Directions
Retype the listing below line for line, but only from the line with "Couple Relaxing in" down to the line with "Nordic Girl Tray", inclusive. Pictures stay out.

Top of Records for the exercise

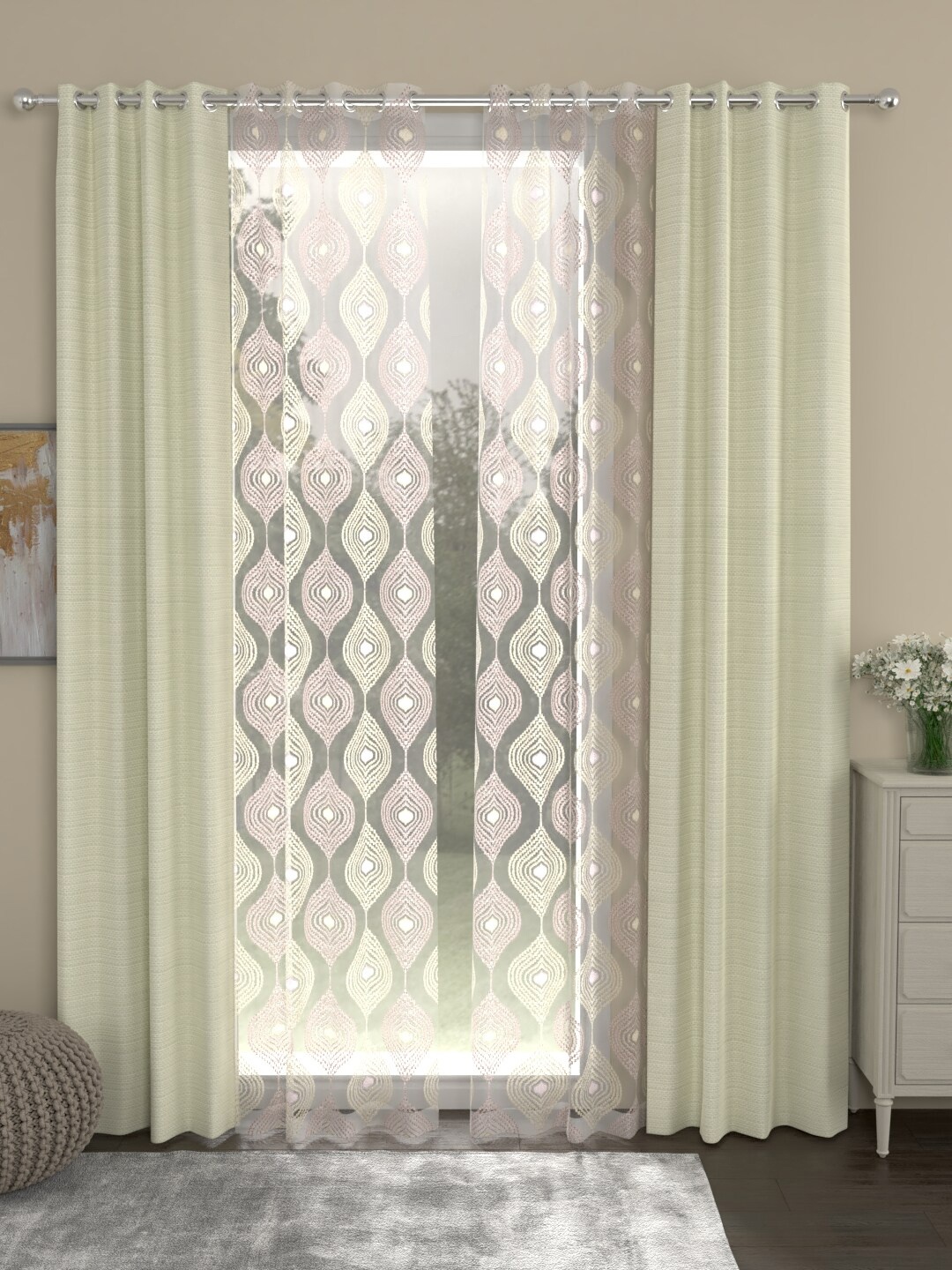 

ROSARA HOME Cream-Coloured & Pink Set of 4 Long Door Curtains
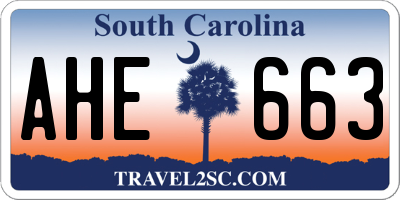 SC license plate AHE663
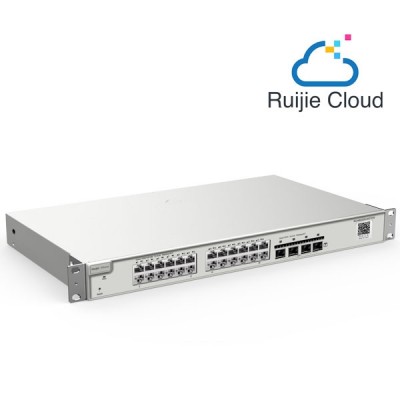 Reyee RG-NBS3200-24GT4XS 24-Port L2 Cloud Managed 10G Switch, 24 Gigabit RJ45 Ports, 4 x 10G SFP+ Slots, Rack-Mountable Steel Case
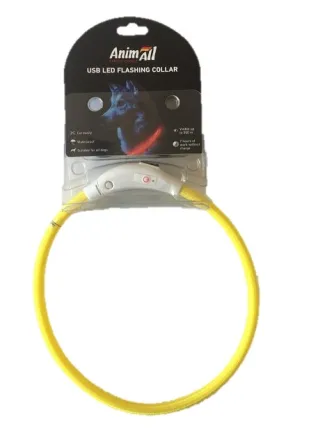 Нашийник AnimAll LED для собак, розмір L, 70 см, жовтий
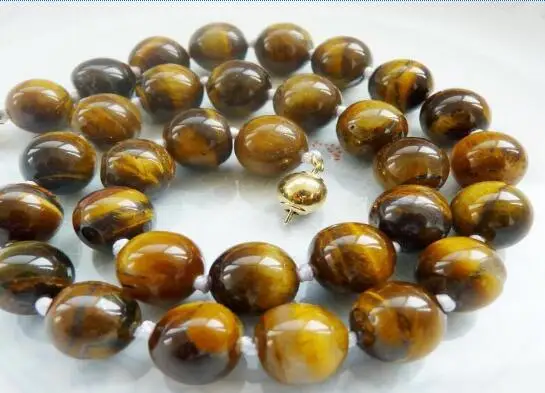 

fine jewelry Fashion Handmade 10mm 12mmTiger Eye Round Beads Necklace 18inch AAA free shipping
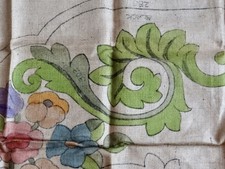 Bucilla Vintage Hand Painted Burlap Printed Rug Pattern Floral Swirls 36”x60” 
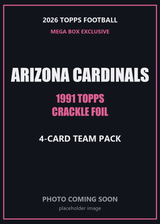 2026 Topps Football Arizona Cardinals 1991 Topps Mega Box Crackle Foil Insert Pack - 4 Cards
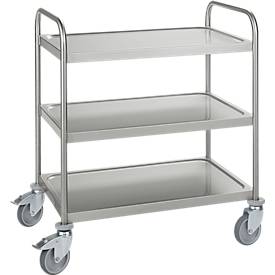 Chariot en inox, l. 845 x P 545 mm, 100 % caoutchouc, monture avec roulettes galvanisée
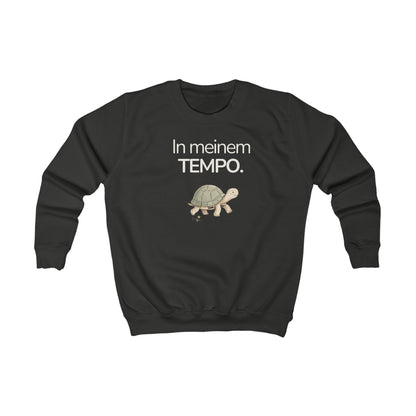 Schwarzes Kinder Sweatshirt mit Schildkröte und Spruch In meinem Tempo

Bottom of Records for the exercise
Top of Records for the exercise

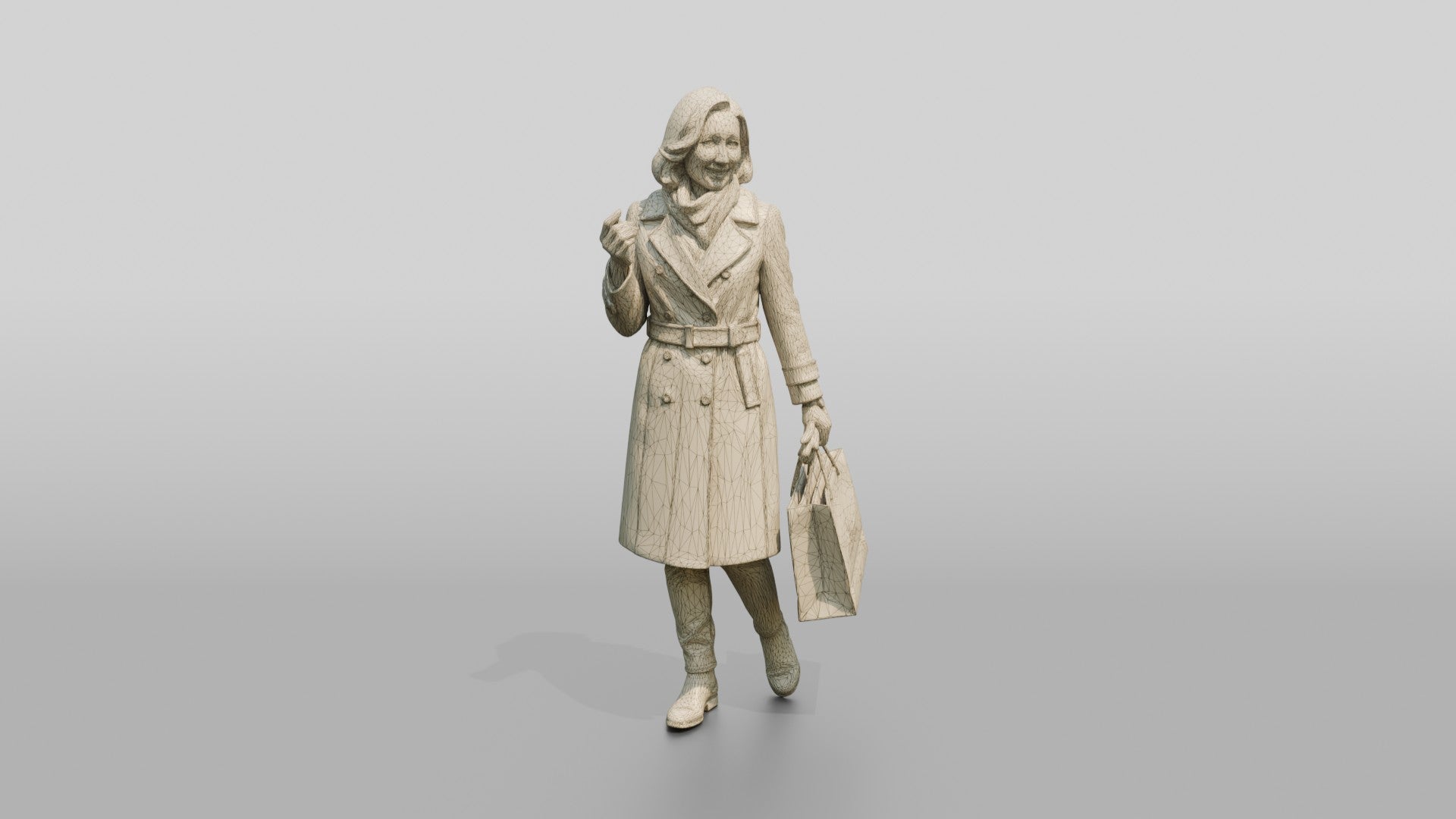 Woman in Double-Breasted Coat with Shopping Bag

Bottom of Records for the exercise
Top of Records for the exercise

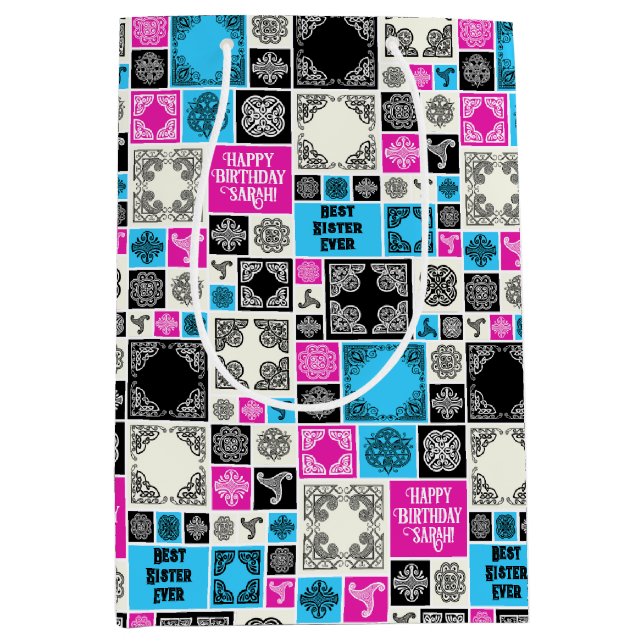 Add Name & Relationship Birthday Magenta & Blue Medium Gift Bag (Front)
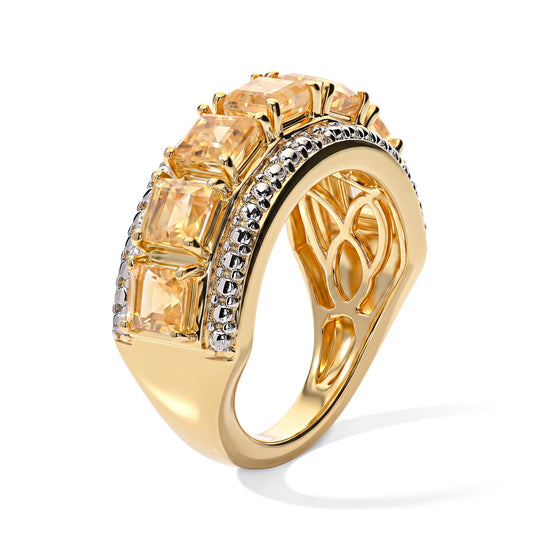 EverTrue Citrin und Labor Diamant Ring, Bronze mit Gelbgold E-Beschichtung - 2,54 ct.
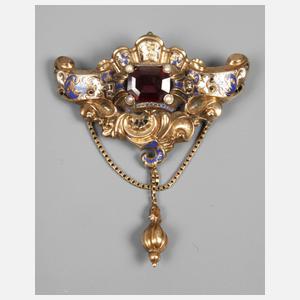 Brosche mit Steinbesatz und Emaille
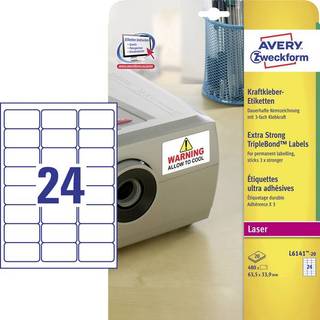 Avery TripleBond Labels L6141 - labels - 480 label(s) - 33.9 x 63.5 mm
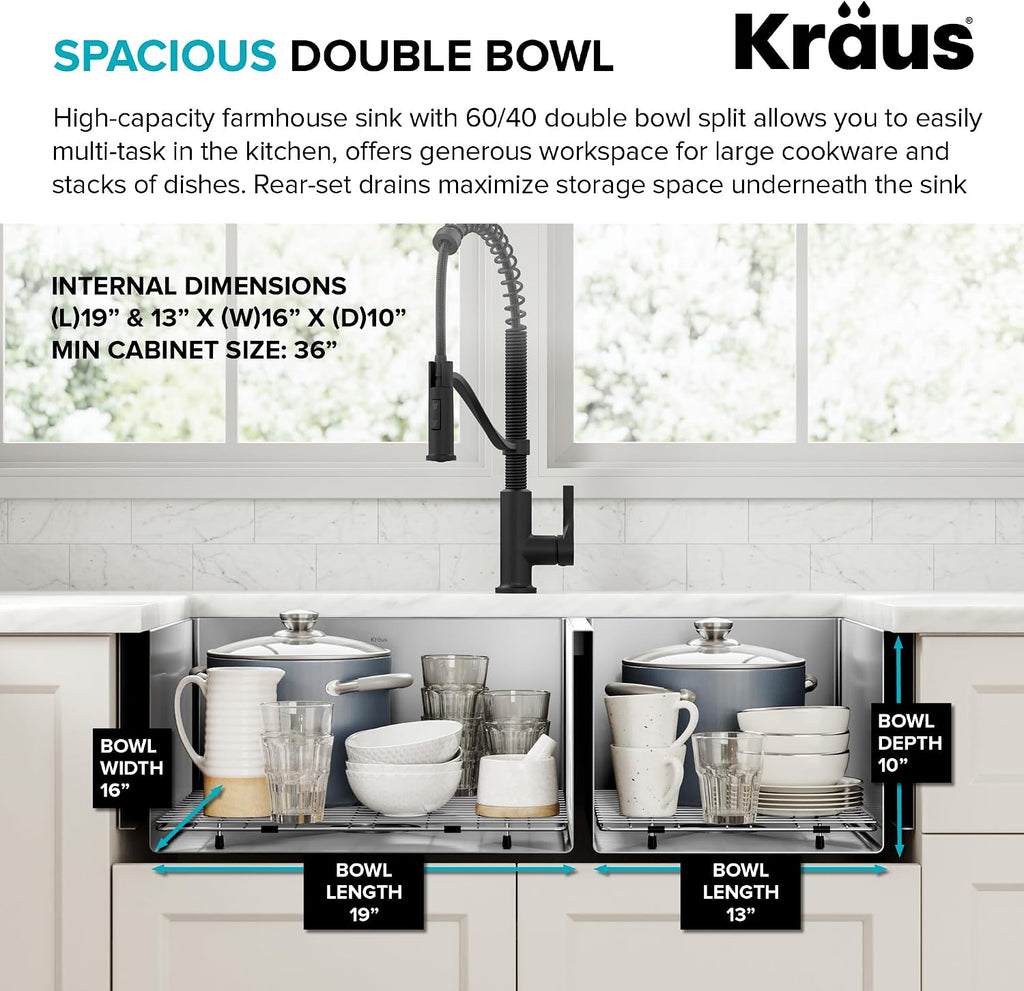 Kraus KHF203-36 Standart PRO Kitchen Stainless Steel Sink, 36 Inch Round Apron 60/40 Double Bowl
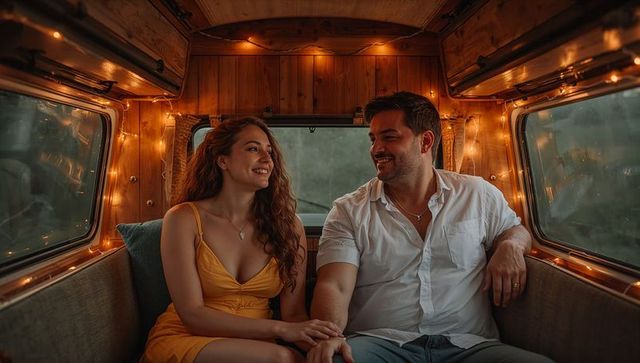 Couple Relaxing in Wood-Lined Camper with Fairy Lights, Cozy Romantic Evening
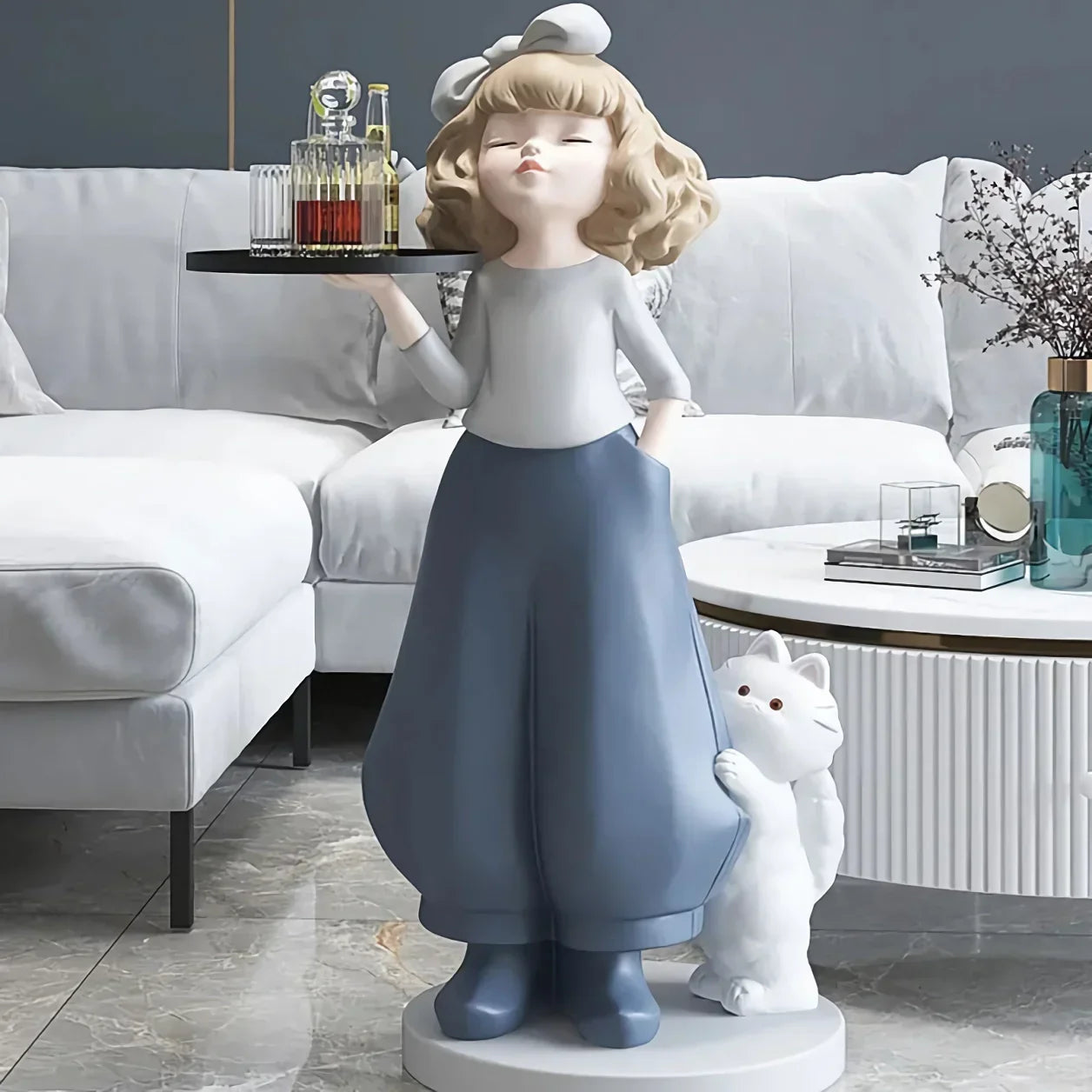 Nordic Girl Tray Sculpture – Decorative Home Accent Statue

Bottom of Records for the exercise

Solution to the exercise
 Couple Relaxing in Wood-Lined Camper with Fairy Lights, Cozy Romantic Evening
 Nordic Girl Tray Sculpture – Decorative Home Accent Statue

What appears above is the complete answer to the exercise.